What is the delta Hvap of a liquid that has a vapor pressure of 612 torr at 77.6 degrees C and a boiling point of 94.9 degrees C at 1 atm

To determine the delta Hvap (heat of vaporization) of a liquid, you need to know its vapor pressure at a particular temperature and its boiling point at standard atmospheric pressure (1 atm).

Given:
Vapor pressure at 77.6 degrees C = 612 torr
Boiling point at 1 atm = 94.9 degrees C

To calculate the delta Hvap, follow these steps:

Step 1: Convert the given vapor pressure to atm.
To convert torr to atm, divide the value by 760.
Thus, the vapor pressure at 77.6 degrees C becomes 612/760 = 0.805 atm.

Step 2: Calculate the difference in temperature.
The difference in temperature is the boiling point at 1 atm minus the temperature at which the vapor pressure was given:
94.9 degrees C - 77.6 degrees C = 17.3 degrees C.

Step 3: Use the Clapeyron equation to calculate the delta Hvap:
The Clapeyron equation is: ln(P1/P2) = (-delta Hvap / R) * (1/T1 - 1/T2), where:
P1 = vapor pressure at the known temperature (0.805 atm)
P2 = vapor pressure at the boiling point at 1 atm (1 atm)
T1 = known temperature (77.6 degrees C + 273.15) in Kelvin
T2 = boiling point at 1 atm (94.9 degrees C + 273.15) in Kelvin
R = universal gas constant (8.314 J/(mol·K))
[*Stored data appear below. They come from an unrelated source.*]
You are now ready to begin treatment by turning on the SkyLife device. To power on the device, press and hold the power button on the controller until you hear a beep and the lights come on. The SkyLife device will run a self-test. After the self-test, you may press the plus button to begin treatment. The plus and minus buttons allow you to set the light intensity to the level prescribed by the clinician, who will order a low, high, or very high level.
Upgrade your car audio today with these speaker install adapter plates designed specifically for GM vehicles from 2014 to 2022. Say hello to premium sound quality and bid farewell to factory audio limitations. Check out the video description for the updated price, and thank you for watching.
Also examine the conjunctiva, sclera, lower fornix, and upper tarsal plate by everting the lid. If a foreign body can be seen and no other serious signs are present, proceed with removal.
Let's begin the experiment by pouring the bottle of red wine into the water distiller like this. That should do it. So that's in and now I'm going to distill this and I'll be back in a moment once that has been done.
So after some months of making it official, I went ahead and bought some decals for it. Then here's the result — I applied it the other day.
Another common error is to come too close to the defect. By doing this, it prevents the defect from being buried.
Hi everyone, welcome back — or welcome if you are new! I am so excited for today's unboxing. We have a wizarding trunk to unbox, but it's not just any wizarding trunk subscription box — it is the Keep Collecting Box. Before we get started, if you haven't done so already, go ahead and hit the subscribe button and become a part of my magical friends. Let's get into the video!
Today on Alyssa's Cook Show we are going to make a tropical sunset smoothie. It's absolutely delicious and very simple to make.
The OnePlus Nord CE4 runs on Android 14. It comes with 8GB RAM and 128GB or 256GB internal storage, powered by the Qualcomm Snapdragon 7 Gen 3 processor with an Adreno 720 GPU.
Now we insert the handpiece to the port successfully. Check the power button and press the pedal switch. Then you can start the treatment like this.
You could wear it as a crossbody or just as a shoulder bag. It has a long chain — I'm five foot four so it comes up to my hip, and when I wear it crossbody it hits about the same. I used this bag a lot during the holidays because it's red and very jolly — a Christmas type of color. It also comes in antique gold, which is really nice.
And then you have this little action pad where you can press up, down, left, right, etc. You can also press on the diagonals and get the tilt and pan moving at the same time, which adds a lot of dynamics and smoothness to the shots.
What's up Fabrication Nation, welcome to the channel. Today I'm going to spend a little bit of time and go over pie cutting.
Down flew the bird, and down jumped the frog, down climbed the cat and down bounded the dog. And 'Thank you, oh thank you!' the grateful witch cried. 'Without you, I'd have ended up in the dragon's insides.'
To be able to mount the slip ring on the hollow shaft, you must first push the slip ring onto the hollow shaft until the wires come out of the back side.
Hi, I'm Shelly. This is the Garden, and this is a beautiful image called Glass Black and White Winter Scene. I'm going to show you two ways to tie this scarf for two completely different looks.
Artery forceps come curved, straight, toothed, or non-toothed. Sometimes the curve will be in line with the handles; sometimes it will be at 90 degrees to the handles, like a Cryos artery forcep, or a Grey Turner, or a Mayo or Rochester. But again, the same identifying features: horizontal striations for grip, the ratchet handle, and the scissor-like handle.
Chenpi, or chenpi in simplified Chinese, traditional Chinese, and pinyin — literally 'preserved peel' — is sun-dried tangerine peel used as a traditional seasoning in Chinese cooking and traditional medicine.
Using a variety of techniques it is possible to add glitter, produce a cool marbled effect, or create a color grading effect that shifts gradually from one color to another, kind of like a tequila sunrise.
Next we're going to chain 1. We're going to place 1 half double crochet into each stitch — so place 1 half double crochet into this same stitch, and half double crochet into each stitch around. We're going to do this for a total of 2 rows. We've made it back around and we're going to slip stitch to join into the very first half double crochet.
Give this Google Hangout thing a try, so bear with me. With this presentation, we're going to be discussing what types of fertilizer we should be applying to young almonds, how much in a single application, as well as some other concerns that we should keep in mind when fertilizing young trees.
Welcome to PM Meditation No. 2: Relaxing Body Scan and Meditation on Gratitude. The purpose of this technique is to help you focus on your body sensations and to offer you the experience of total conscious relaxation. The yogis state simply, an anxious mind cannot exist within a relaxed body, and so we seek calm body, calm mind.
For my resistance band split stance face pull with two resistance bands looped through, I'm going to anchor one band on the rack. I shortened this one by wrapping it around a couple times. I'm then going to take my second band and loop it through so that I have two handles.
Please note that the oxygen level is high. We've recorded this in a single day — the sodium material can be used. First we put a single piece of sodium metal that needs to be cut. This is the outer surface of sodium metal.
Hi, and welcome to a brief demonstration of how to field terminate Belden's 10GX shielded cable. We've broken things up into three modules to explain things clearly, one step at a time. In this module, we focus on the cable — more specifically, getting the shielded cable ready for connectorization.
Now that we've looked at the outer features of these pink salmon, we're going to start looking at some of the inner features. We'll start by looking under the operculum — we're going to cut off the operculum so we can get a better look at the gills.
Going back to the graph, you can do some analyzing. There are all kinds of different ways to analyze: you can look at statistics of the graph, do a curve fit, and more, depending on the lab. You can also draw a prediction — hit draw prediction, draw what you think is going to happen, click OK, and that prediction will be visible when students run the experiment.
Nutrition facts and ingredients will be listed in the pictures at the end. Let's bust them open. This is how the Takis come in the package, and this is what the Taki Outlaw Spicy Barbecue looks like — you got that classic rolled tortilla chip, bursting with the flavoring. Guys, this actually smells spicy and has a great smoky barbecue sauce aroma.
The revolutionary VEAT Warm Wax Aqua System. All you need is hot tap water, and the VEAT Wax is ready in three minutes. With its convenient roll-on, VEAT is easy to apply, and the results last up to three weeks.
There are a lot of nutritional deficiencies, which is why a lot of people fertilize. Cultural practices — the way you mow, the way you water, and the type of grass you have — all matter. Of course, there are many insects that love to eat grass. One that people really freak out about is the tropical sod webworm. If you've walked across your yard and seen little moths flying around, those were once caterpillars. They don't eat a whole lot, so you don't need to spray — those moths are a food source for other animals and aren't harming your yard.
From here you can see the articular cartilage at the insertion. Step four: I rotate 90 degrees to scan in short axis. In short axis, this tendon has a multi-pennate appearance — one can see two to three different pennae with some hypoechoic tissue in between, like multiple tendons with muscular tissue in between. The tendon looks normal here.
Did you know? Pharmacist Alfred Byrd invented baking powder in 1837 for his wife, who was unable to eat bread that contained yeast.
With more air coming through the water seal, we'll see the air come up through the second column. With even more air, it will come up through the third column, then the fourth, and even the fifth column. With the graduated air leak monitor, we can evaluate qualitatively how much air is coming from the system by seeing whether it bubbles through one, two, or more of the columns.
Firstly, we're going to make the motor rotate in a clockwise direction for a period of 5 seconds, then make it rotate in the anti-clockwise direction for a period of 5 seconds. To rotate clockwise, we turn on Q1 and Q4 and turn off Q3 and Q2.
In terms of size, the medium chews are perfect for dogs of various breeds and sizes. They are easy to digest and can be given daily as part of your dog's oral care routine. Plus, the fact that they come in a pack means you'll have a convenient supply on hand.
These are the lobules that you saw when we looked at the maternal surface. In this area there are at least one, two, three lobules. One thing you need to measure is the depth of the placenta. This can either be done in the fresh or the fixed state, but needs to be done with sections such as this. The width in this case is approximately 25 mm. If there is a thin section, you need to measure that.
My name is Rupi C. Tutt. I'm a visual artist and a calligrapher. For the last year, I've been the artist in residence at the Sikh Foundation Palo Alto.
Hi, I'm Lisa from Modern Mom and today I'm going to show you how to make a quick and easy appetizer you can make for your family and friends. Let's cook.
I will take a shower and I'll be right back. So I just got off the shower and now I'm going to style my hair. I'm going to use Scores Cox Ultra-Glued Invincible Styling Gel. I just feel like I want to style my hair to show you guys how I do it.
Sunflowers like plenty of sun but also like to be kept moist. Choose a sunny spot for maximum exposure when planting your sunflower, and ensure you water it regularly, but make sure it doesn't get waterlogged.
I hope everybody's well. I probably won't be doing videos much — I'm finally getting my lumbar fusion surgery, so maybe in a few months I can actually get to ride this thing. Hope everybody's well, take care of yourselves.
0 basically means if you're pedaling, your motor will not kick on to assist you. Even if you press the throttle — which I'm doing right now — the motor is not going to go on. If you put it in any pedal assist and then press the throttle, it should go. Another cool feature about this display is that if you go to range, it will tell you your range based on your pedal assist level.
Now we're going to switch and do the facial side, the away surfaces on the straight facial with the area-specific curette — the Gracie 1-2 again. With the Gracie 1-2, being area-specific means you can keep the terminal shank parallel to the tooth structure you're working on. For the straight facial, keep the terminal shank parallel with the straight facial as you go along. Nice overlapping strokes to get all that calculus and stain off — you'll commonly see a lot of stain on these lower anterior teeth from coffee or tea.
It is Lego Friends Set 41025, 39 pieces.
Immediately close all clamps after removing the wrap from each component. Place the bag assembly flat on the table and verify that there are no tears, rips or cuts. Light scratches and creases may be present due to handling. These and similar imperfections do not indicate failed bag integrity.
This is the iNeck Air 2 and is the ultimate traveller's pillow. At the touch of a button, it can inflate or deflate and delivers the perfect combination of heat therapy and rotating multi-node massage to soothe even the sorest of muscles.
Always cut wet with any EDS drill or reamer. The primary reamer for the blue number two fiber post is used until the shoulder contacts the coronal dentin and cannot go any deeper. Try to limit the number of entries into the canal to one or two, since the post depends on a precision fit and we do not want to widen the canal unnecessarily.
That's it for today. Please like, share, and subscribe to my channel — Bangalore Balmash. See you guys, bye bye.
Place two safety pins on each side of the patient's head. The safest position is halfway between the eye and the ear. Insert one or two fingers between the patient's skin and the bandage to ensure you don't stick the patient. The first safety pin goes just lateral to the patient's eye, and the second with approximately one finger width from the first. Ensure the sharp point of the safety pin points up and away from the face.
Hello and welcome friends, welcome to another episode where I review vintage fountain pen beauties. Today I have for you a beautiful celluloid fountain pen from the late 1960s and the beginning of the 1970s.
Step 4: Rearrange the equation to solve for delta Hvap:
delta Hvap = -R * (1/T1 - 1/T2) * ln(P1/P2)

Calculating the values:
T1 = 77.6 degrees C + 273.15 = 350.75 K
T2 = 94.9 degrees C + 273.15 = 368.05 K

Plugging in the values:
delta Hvap = -8.314 J/(mol·K) * (1/350.75 K - 1/368.05 K) * ln(0.805/1)

Solving the equation will give you the delta Hvap in J/mol.